◆ **WHAT YOU SHOULD DO**
Could you print the stretch of lines below from the one with "Un espacio habitable" through the one with "An 18carat gold", exactly as they stand and without any pictures?

◆ **GIVEN RECORDS**
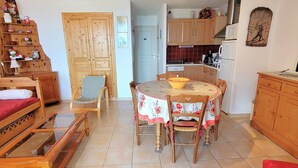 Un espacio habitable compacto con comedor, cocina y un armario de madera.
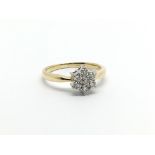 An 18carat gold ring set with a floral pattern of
...
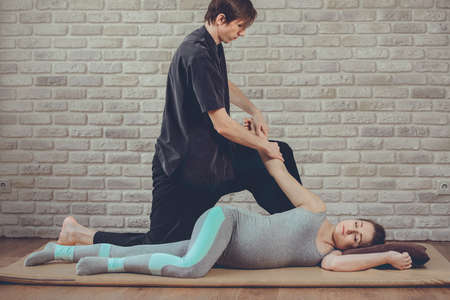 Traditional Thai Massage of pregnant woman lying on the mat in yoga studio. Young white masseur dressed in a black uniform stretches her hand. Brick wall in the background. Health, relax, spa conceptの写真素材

◆ **YOUR RESPONSE**
 Un espacio habitable compacto con comedor, cocina y un armario de madera.
 An 18carat gold ring set with a floral pattern of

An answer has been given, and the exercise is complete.